5. The learned magistrate erred in law and fact in giving a compromised ruling.
The Appellant in the appeal was the defendant while the Respondent was the plaintiff in the lower Court case. The plaintiff/Respondent in a plaint dated 18th February 2010 was seeking an order for the rectification of the register of L.R No. ABOGETA/U-KIUNGONE/2881 to read the correct amount of the defendant share as 0. 36 Ha instead of 0. 67 Ha as currently indicated or alternatively the defendant’s names be deleted from the plaintiff’s title and the plaintiff be set at liberty to refund the purchase price.

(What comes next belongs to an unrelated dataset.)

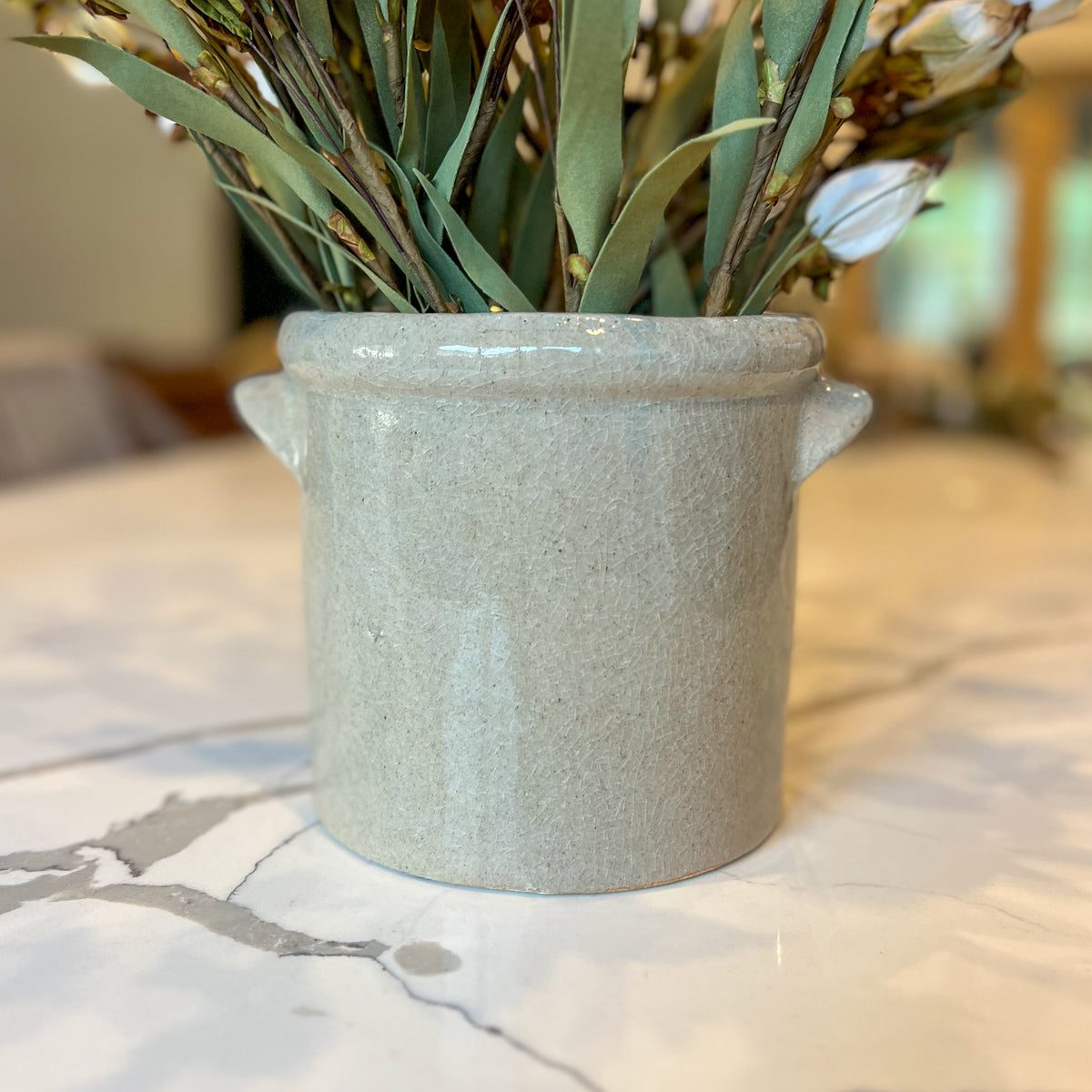 Handled Ceramic Crock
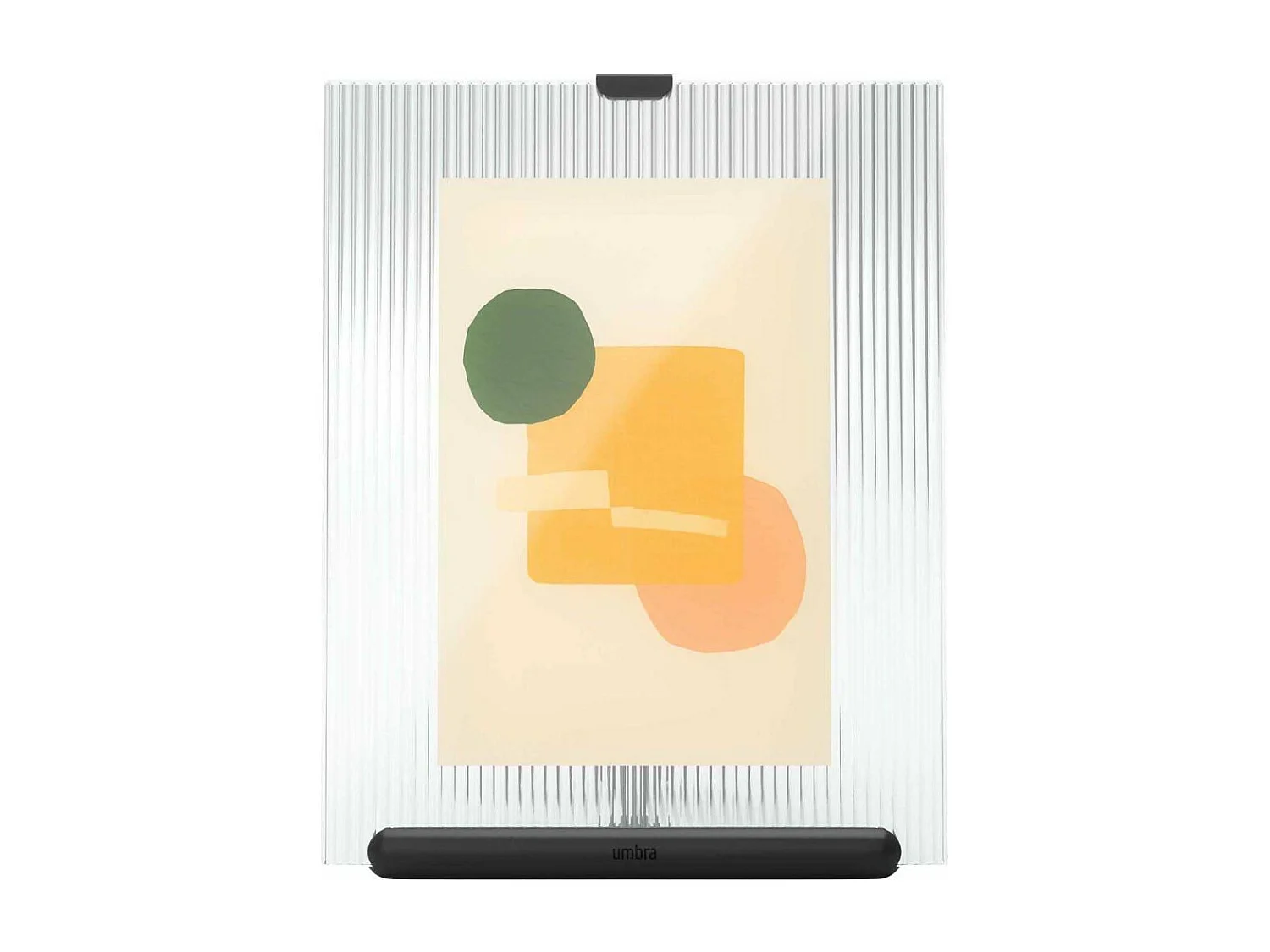 Cadre photo en zinc et verre Flute Pour photo 13 x 18 cm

The plaintiff/Respondent was also seeking costs of the suit.
In his rejoinder by way of defence, the defendant/Appellant denied the plaintiff/Respondent’s claim and all particulars of fraud stating that he acquired his land legally and squarely.
PLAINTIFF’S CASE
The plaintiff/Respondent in the lower Court gave sworn testimony and stated that on 23rd January 2007, he sold a portion of his land measuring 0. 89 points which was to be excised from land parcel No. ABOGETA/UPPER KIUNGONE/2881. He marked the sale agreement as P-MFI I. He identified the Green Card which was produced as P Exhibit No. 2. He said that they have never gone to the Land Control Board to get consent to effect the sub-division. He said that he did not sign any transfer form in favour of the purchaser. The Respondent stated that the Appellant went to his land and divided the land to himself chasing those who were in the land. He sold the portion of land at Ksh. 300,000/= and was paid Ksh. 200,000/= leaving a balance of Ksh. 100,000/=.
DEFENDANT’S CASE
The defendant/Appellant recalled that on 23rd January 2007, he bought a portion of land from the plaintiff/Respondent. They went to the firm of Kiautha & Co. Advocates where a sale agreement was drawn and witnessed by one Thuranira. He paid money to plaintiff. The plaintiff later on the same day asked him to add more money so that he could give him more land. They wrote a second agreement. The first agreement was for a consideration of Ksh. 300,000/= while the second agreement was for Ksh. 500,000/=. The first agreement was for a parcel of land measuring 0. 89 Ha while the second agreement was for 1. 39 Ha. Both agreements were for the same day. They went to the Land Board and obtained a consent to transfer on 8th December 2009. They agreed to register the land as joint owners and sub-divide later.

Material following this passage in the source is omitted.